C’est ça le message qui est véhiculé par notre gouvernement ? »

Avant de répondre aux questions des journalistes, le ministre lance une dernière marque d’affection publique envers Jean-Louis Fousseret. « Je sais d’ailleurs que ta destinée politique aurait pu être différente si tu n’avais pas privilégié toujours ta commune, malgré les appels du pied que le président a pu te porter », dit Christophe Castaner en direction du maire qui lui offrira l’acte de naissance de Victor Hugo, « enfin, un fac-similé », précise-t-il.

Lors de son point presse, le ministre revient sur l’usage du LBD. « Je n’ai pas vu de policiers agresser des manifestants. Mais quand une manifestation se transforme en émeute, les policiers doivent intervenir. Le LBD permet de garder à distance. Si on le supprime, il reste le contact physique et l’arme létale ». Il indique que les caméras qui équipent désormais le porteur de LBD ou son binôme permettent « d’établir les faits et de responsabiliser le policier ». Le ministre et les officiels s'en vont manger dans la brasserie d’à côté, sans les journalistes. Fin de la visite.

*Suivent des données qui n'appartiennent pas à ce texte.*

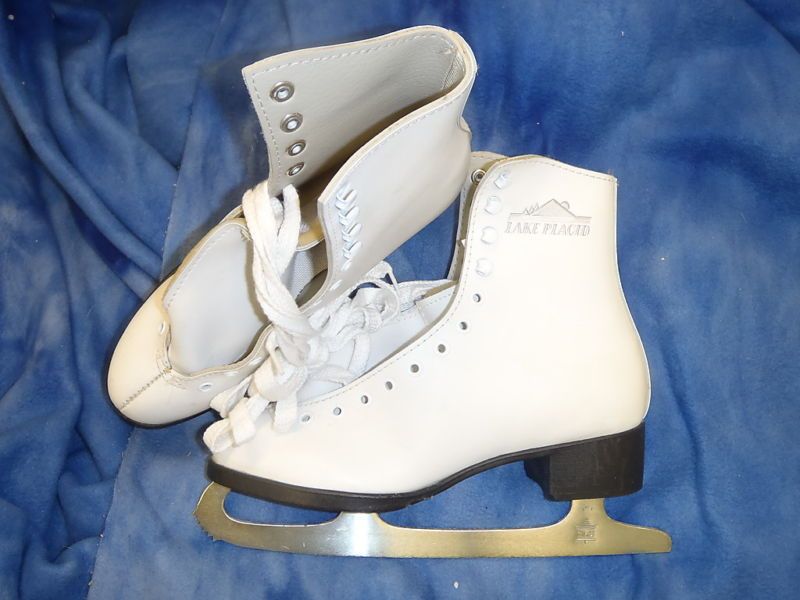 LAKE PLACID Ice Figure Skates Lady 6  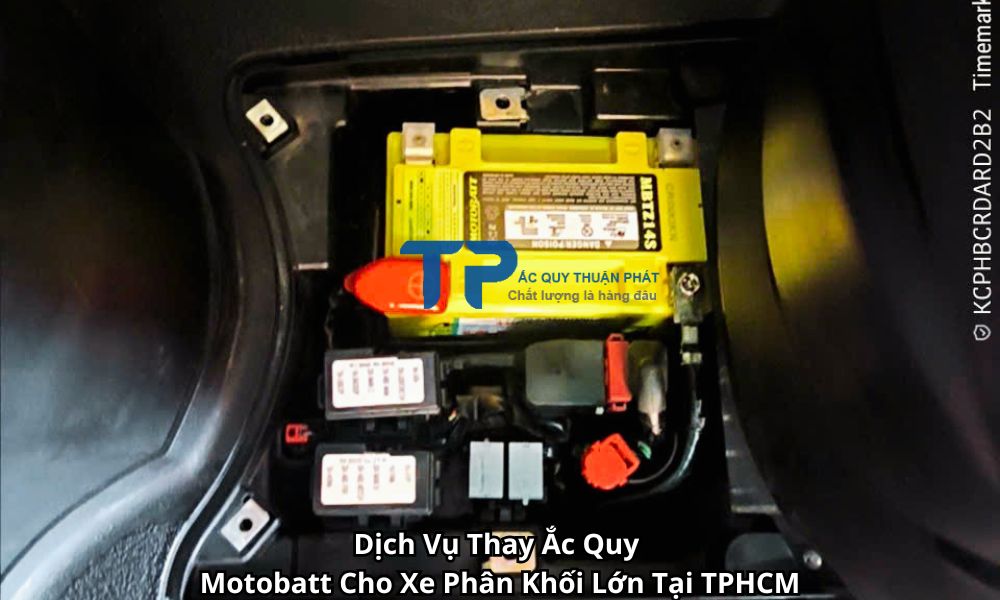 Dịch Vụ Thay Ắc Quy Motobatt Cho Xe Phân Khối Lớn Tại TPHCM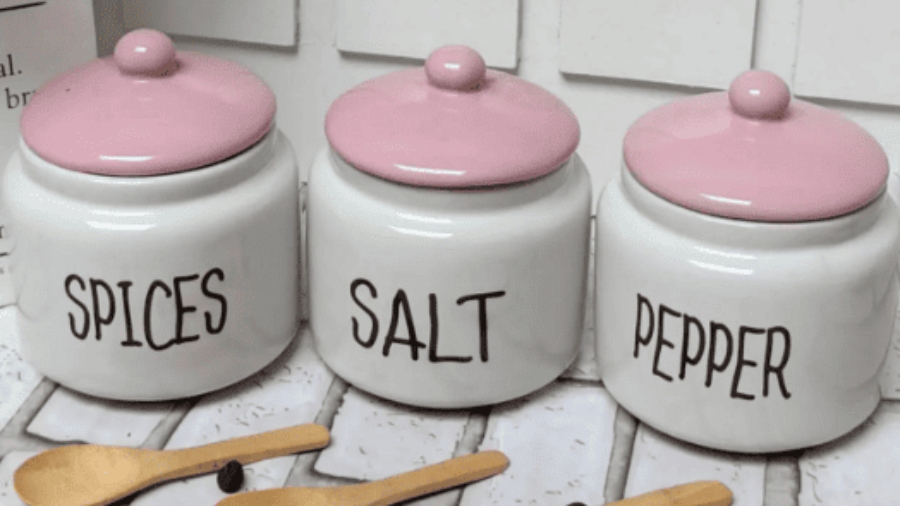 Kenapa Beralih dari Toples Plastik ke Toples Keramik ?
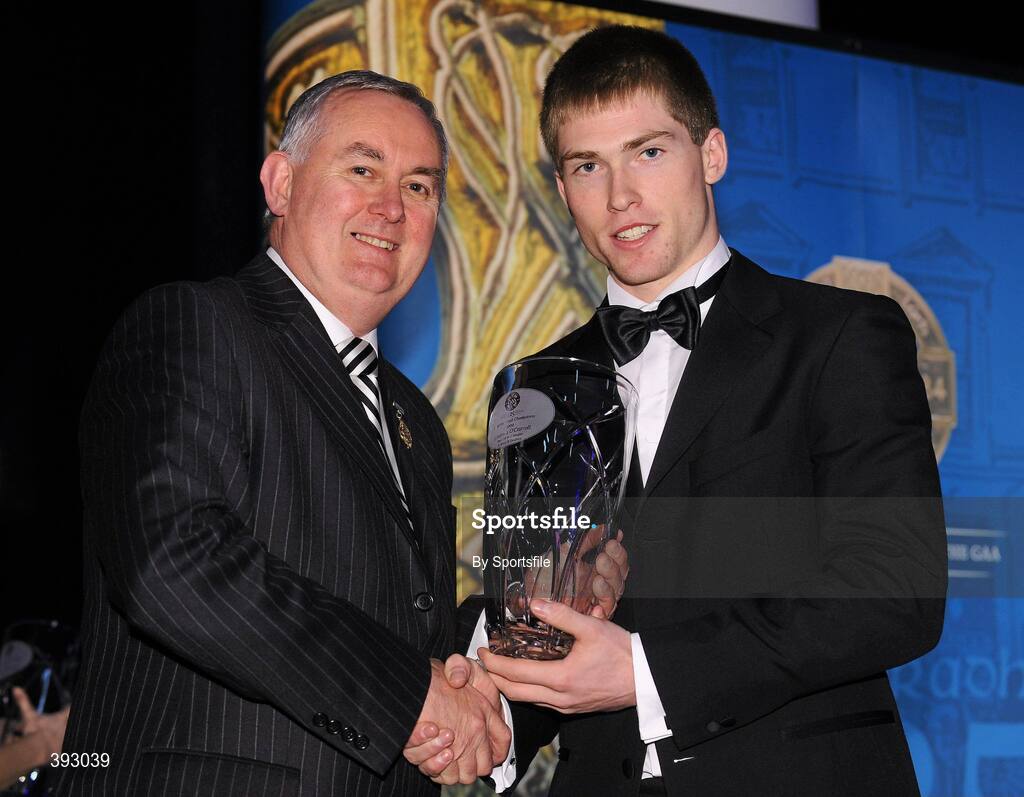 19 December 2009; Seamus O'Carroll, Limerick, is presented with his Handball All-Star Award 2009 by Uachtarán CLG Criostóir Ó Cuana. Christy Ring/Nicky Rackard/Lory Meagher Champion 15 & Rounder All-Star Awards 2009, Croke Park, Dublin. Photo by Sportsfile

Ce soir-là, la ville de Besançon organisait la deuxième cession du Grand débat public dans la salle de la Malcombe en présence de Jean-Louis Fousseret. L'occasion pour ceux qui demandent l'interdiction du LBD de revenir sur le sujet. Le professeur Laurent Thines, responsable du service de neurochirurgie au CHU de Besançon, fait partie de ceux-là. Il a pu constater les dégâts de l'arme et les lésions qu’elle inflige aux manifestants, pour lui, l’usage du LBD est « extrêmement inquiétant pour notre démocratie ». Il s'indigne des propos du ministre. « Maintenant ce que l’on nous dit, c’est soit on utilise ces armes, soit on utilise les armes à feu. Soit on vous mutile, soit on vous tue ? C’est ça le message qui est véhiculé par notre gouvernement ? » Si aucun tir de LBD n’était à déplorer ce jour, la répression a été dure ce jour.

Pris en otage dans un café par la police... 

Présente aussi à ce débat, une manifestante revient sur ce que nous n’avons pas pu voir au sein du cortège. Il y a eu cinq interpellations à Planoise pour outrage envers le ministre et rébellion. Trois d’entre eux étaient toujours en garde à vue dans la soirée. « On s’y attendait un peu parce qu’il y a le grand débat ce soir, et c’est vrai qu’ils sont un peu bruyants, ils se font entendre. Et nous non plus on n’a pas pu se faire entendre ce matin place Cassin. On est rentrés dans un bar boire un café, la BAC nous a reconnus et ils ont envoyé six de leurs collègues pour le fermer. Ils nous ont pris clairement en otage dans ce bar avec tous les citoyens dedans, en nous enfermant pendant quasi une heure. Nous avions interdiction de sortir pendant toute la durée de la présence de M. Castaner et de vous, M. Fousseret, pour que l’on ne prenne pas la parole une seule fois. Là, on parle de démocratie et de citoyenneté, mais où est la démocratie ? Moi je parle de dictature. Carrément. Moi aussi j’aime la France, j’aime mon pays, mais clairement ce soir est-ce que je dois quitter mon pays ? Non je vais rester, je vais me battre jusqu’au bout, comme j’ai toujours fait depuis des années, pour mes enfants parce que j’ai envie de leur laisser un pays correct pour l’avenir ».

Entre certains habitants de Planoise, rassurés par une présence accrue de la police dans leur quartier, et ceux qui subissent de plein fouet une répression policière inédite d’un mouvement social, la visite du ministre laissera un bilan mitigé. Les insultes adressées à leur encontre par le premier flic de France ne contribueront certainement pas à apaiser le climat tendu entre la police et les citoyens.